Data for the task »
+===+
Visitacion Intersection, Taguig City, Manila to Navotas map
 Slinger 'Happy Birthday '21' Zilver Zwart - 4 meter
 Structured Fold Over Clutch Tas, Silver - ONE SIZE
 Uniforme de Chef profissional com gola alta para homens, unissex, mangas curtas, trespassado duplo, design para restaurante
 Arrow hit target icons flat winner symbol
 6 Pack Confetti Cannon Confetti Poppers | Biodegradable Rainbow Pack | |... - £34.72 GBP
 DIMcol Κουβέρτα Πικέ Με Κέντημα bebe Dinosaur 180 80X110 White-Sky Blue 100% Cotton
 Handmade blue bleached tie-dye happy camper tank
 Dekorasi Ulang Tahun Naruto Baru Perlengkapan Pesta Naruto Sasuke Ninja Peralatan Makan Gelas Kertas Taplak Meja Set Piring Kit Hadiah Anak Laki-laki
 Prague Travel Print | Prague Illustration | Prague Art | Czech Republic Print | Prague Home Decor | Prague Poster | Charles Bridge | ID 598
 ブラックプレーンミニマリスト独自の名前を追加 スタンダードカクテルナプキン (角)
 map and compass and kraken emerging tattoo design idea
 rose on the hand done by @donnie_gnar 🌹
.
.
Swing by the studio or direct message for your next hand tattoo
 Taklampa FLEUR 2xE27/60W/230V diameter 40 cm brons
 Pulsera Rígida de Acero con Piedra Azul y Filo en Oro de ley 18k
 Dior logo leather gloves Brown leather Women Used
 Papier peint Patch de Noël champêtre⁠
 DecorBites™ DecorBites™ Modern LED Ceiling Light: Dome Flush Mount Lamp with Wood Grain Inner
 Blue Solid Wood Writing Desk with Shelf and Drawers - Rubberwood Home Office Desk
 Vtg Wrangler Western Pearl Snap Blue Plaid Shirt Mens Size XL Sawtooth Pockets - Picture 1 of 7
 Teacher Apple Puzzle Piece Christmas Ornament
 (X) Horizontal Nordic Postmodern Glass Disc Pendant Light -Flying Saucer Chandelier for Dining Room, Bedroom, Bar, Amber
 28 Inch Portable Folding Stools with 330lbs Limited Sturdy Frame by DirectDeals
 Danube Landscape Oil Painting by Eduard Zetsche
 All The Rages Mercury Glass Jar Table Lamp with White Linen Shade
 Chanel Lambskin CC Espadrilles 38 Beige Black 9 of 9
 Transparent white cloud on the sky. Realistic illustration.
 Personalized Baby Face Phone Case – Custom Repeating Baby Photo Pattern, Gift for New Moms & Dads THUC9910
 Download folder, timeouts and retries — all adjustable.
+===+
Line by line, print the listing above exactly.

Your response »
Visitacion Intersection, Taguig City, Manila to Navotas map
 Slinger 'Happy Birthday '21' Zilver Zwart - 4 meter
 Structured Fold Over Clutch Tas, Silver - ONE SIZE
 Uniforme de Chef profissional com gola alta para homens, unissex, mangas curtas, trespassado duplo, design para restaurante
 Arrow hit target icons flat winner symbol
 6 Pack Confetti Cannon Confetti Poppers | Biodegradable Rainbow Pack | |... - £34.72 GBP
 DIMcol Κουβέρτα Πικέ Με Κέντημα bebe Dinosaur 180 80X110 White-Sky Blue 100% Cotton
 Handmade blue bleached tie-dye happy camper tank
 Dekorasi Ulang Tahun Naruto Baru Perlengkapan Pesta Naruto Sasuke Ninja Peralatan Makan Gelas Kertas Taplak Meja Set Piring Kit Hadiah Anak Laki-laki
 Prague Travel Print | Prague Illustration | Prague Art | Czech Republic Print | Prague Home Decor | Prague Poster | Charles Bridge | ID 598
 ブラックプレーンミニマリスト独自の名前を追加 スタンダードカクテルナプキン (角)
 map and compass and kraken emerging tattoo design idea
 rose on the hand done by @donnie_gnar 🌹
.
.
Swing by the studio or direct message for your next hand tattoo
 Taklampa FLEUR 2xE27/60W/230V diameter 40 cm brons
 Pulsera Rígida de Acero con Piedra Azul y Filo en Oro de ley 18k
 Dior logo leather gloves Brown leather Women Used
 Papier peint Patch de Noël champêtre⁠
 DecorBites™ DecorBites™ Modern LED Ceiling Light: Dome Flush Mount Lamp with Wood Grain Inner
 Blue Solid Wood Writing Desk with Shelf and Drawers - Rubberwood Home Office Desk
 Vtg Wrangler Western Pearl Snap Blue Plaid Shirt Mens Size XL Sawtooth Pockets - Picture 1 of 7
 Teacher Apple Puzzle Piece Christmas Ornament
 (X) Horizontal Nordic Postmodern Glass Disc Pendant Light -Flying Saucer Chandelier for Dining Room, Bedroom, Bar, Amber
 28 Inch Portable Folding Stools with 330lbs Limited Sturdy Frame by DirectDeals
 Danube Landscape Oil Painting by Eduard Zetsche
 All The Rages Mercury Glass Jar Table Lamp with White Linen Shade
 Chanel Lambskin CC Espadrilles 38 Beige Black 9 of 9
 Transparent white cloud on the sky. Realistic illustration.
 Personalized Baby Face Phone Case – Custom Repeating Baby Photo Pattern, Gift for New Moms & Dads THUC9910
 Download folder, timeouts and retries — all adjustable.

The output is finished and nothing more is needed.